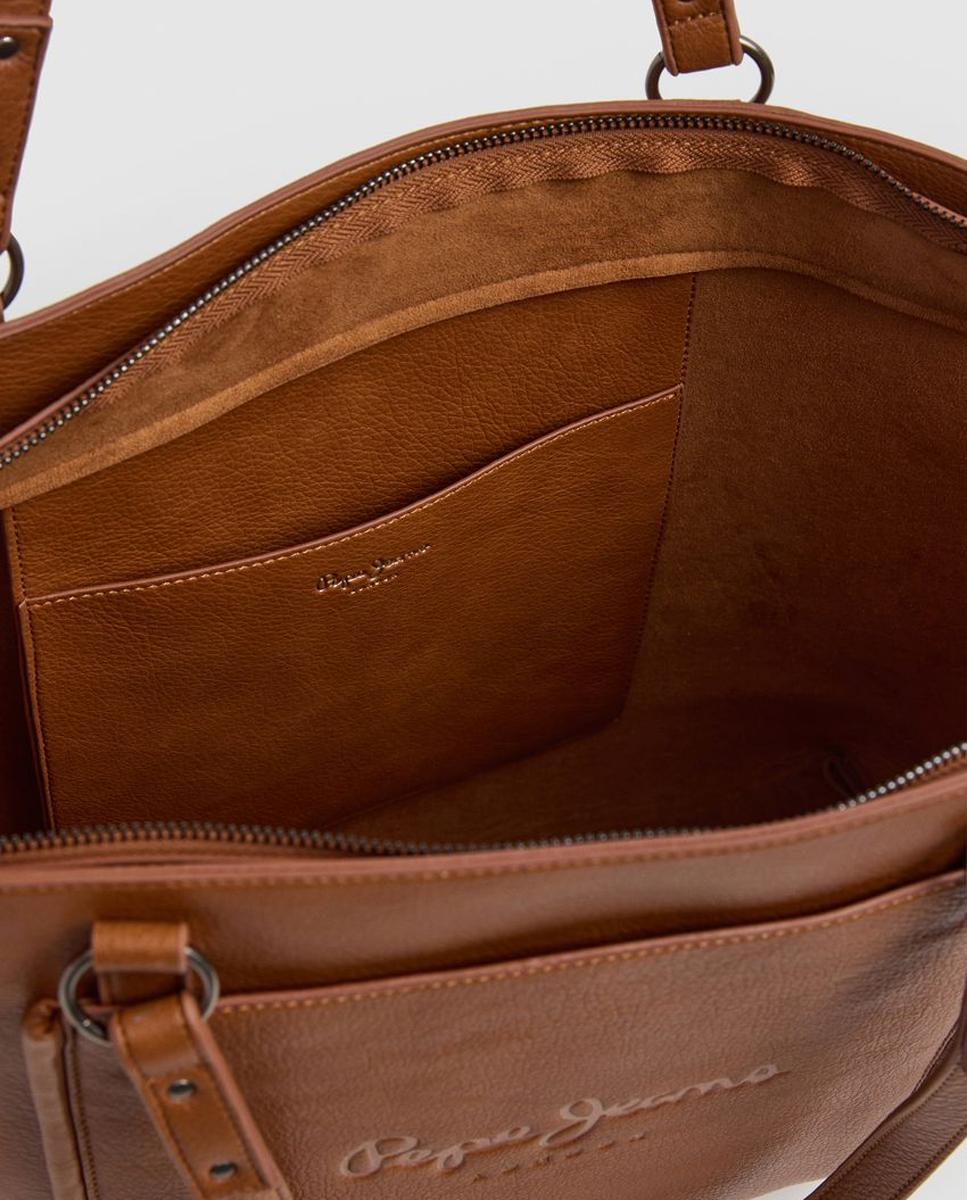 Mala Shopper Bellamie Code com Bolso e Logótipo a Condizer à Frente Castanho-5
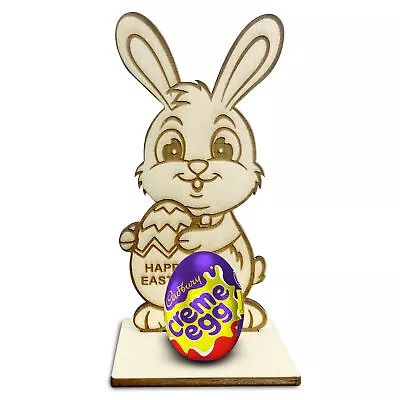 Easter Mini Creme Egg Holder Wooden Easter Bunny Treat Kinder Gifts Kid Boy Girl • £3.99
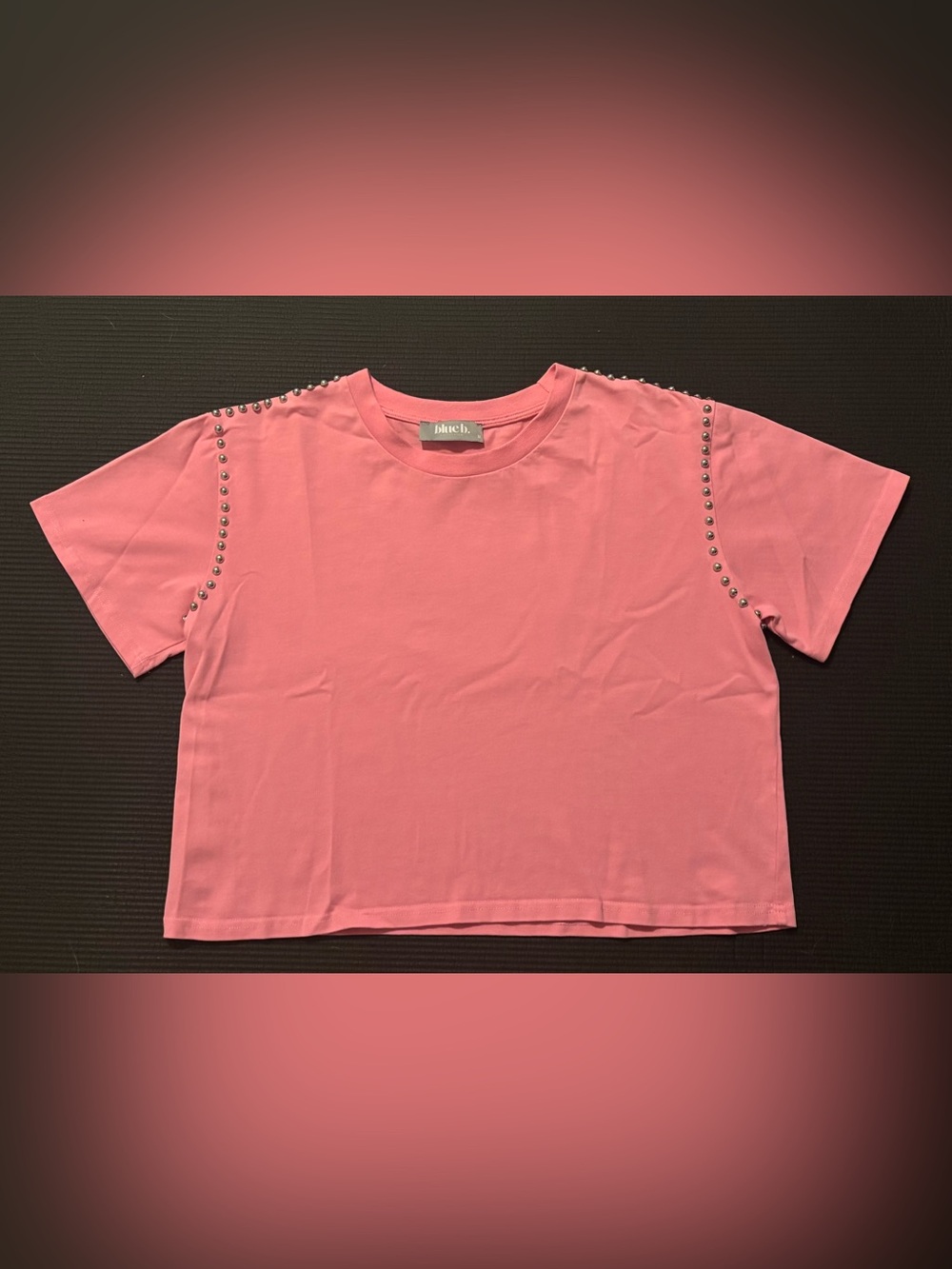 blue b Short sleeves, ruffles, studded detail,pink, cropped top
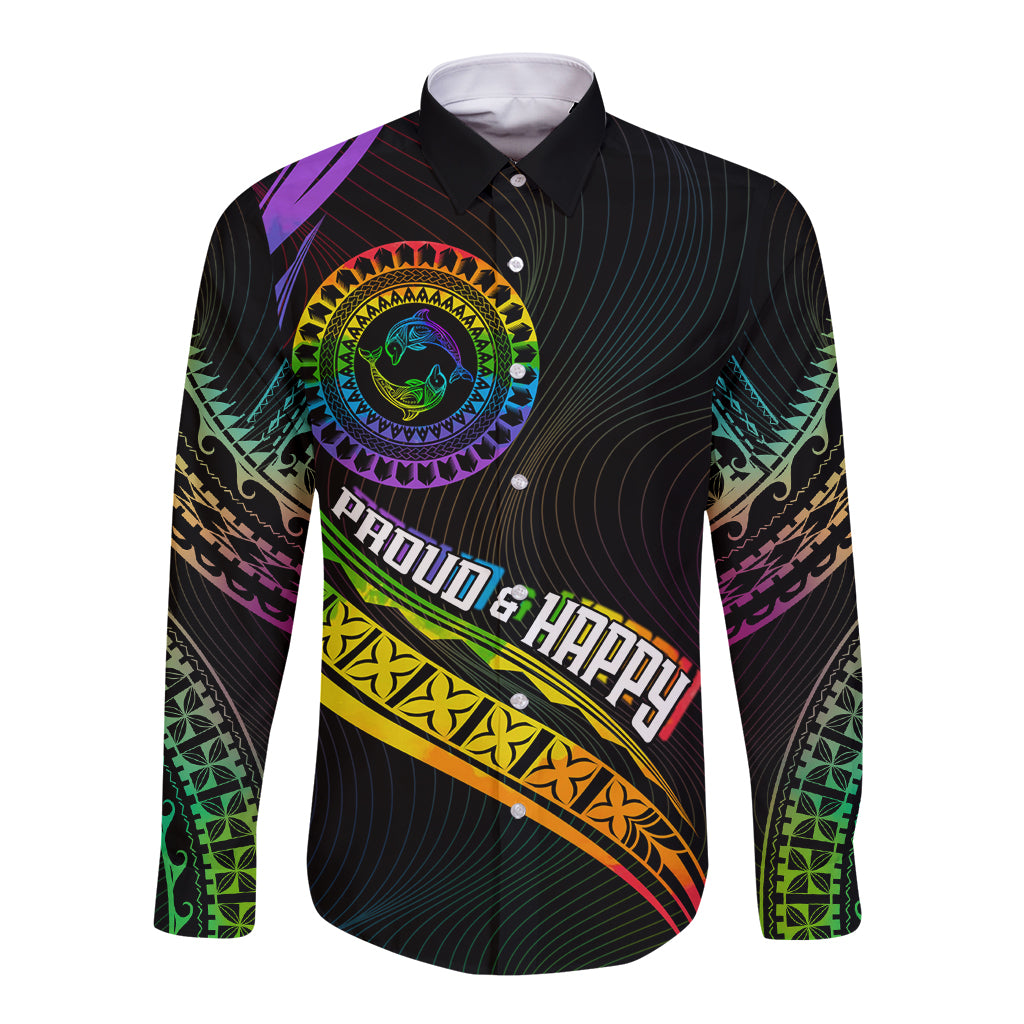 Personalised LGBT History Month Long Sleeve Button Shirt Proud And Happy Polynesian Dolphin LT05 Unisex Black - Polynesian Pride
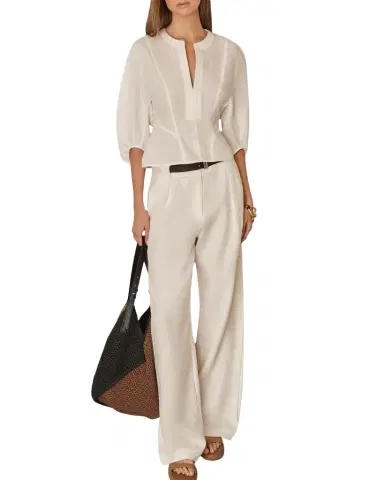 Reiss Remi Cropped Blouson-Sleeve Linen Blouse | Thumbnail 1 Reiss Remi Cropped Blouson-Sleeve Linen Blouse | Thumbnail 1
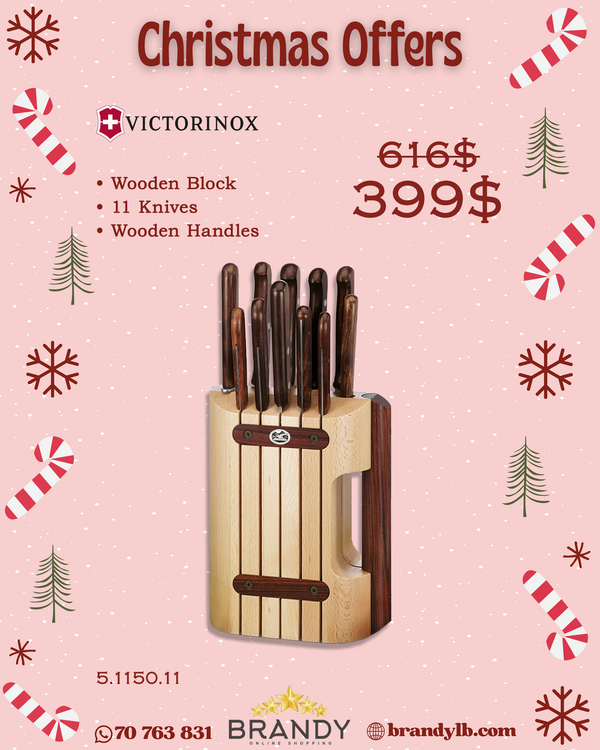 Knife Set 11pcs With Wooden Stand, Stainless Steel Blades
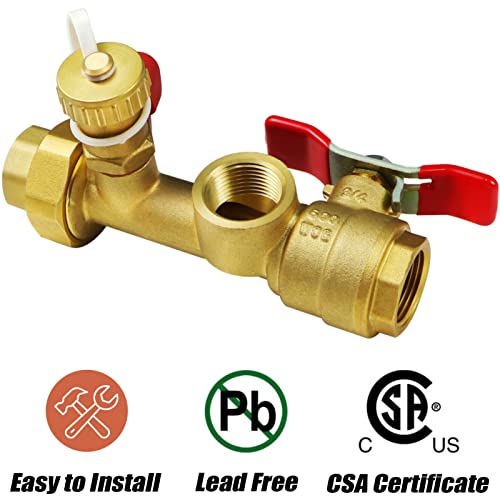 Iococee 3/4 Inch IPS Isolator Tankless Water Heater Service Valve Kit with Pressure Relief Valve, Clean Brass, 3/4 Inch Service Installation Valve for rheem,rinai,ecosmart,navien,noritz,takagi,bosch - Image 2
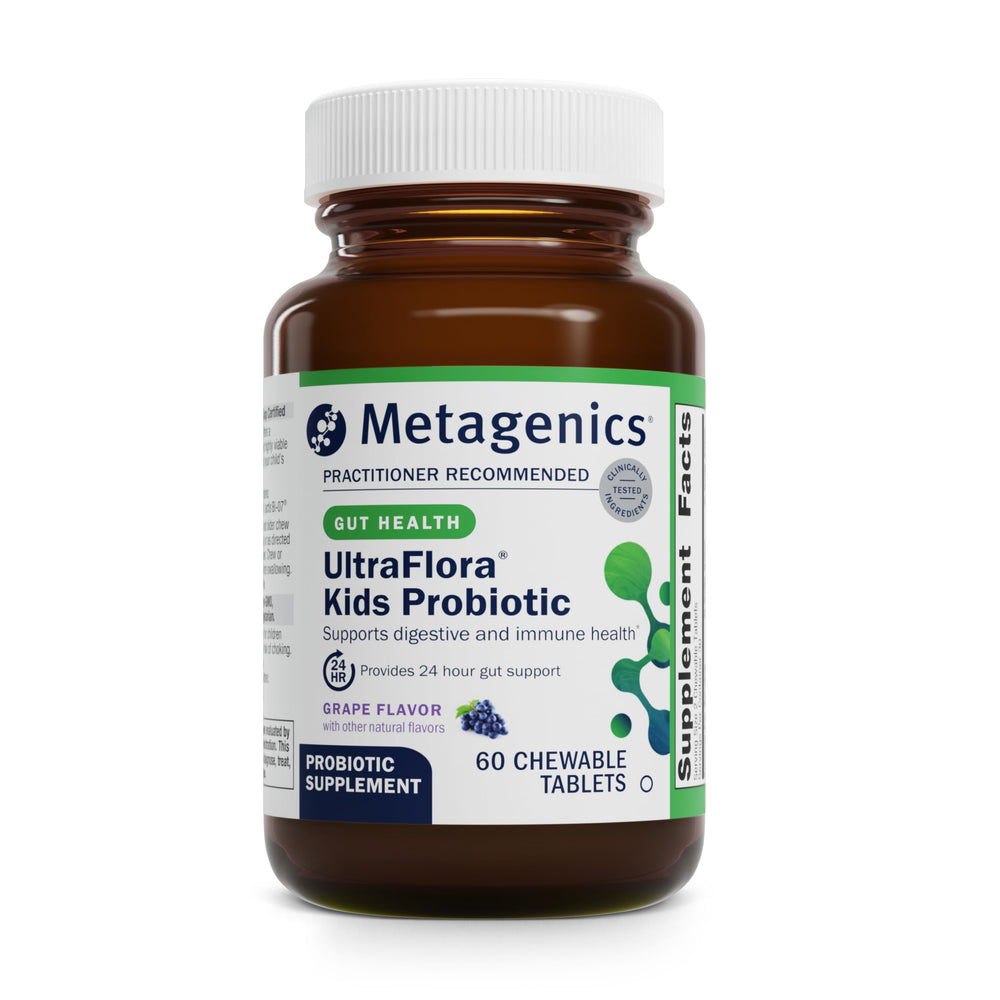 Metagenics UltraFlora Kids Probiotic bottle front showing label and cap.
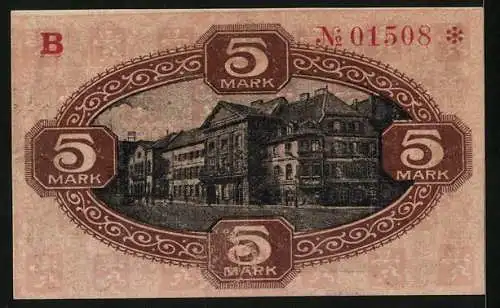 Notgeld Zweibrücken 1918, 5 Mark, Ansicht des Rathauses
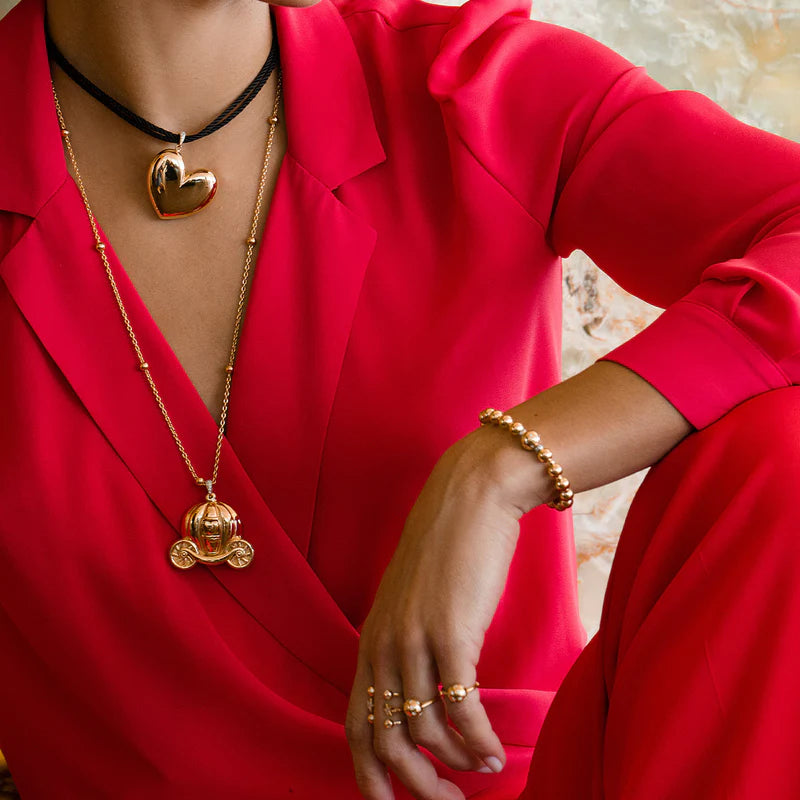 COLLANA LUNGA CON CIONDOLO CARROZZA ARGENTO DORATO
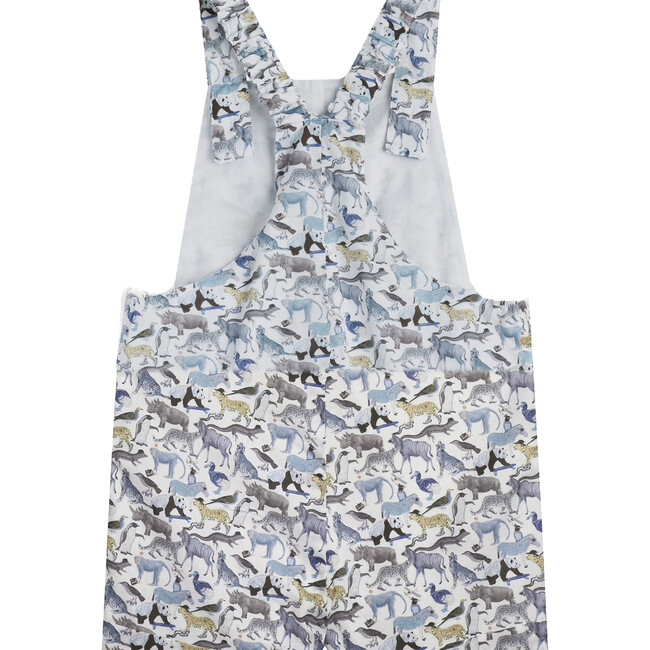 Little Liberty Print Atticus Bib Short, Blue Animals - Rompers - 2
^^^^
Would you please copy the material exactly, leaving all the pictures out?

RESPONSE AREA:
 Mala Shopper Bellamie Code com Bolso e Logótipo a Condizer à Frente Castanho-5
 Easter Mini Creme Egg Holder Wooden Easter Bunny Treat Kinder Gifts Kid Boy Girl • £3.99
 blue b Short sleeves, ruffles, studded detail,pink, cropped top
 Personalised LGBT History Month Long Sleeve Button Shirt Proud And Happy Polynesian Dolphin LT05 Unisex Black - Polynesian Pride
 Reiss Remi Cropped Blouson-Sleeve Linen Blouse | Thumbnail 1 Reiss Remi Cropped Blouson-Sleeve Linen Blouse | Thumbnail 1
 Knife Set 11pcs With Wooden Stand, Stainless Steel Blades
 Iococee 3/4 Inch IPS Isolator Tankless Water Heater Service Valve Kit with Pressure Relief Valve, Clean Brass, 3/4 Inch Service Installation Valve for rheem,rinai,ecosmart,navien,noritz,takagi,bosch - Image 2
 Metagenics UltraFlora Kids Probiotic bottle front showing label and cap.
 Notgeld Zweibrücken 1918, 5 Mark, Ansicht des Rathauses
 COLLANA LUNGA CON CIONDOLO CARROZZA ARGENTO DORATO
 Little Liberty Print Atticus Bib Short, Blue Animals - Rompers - 2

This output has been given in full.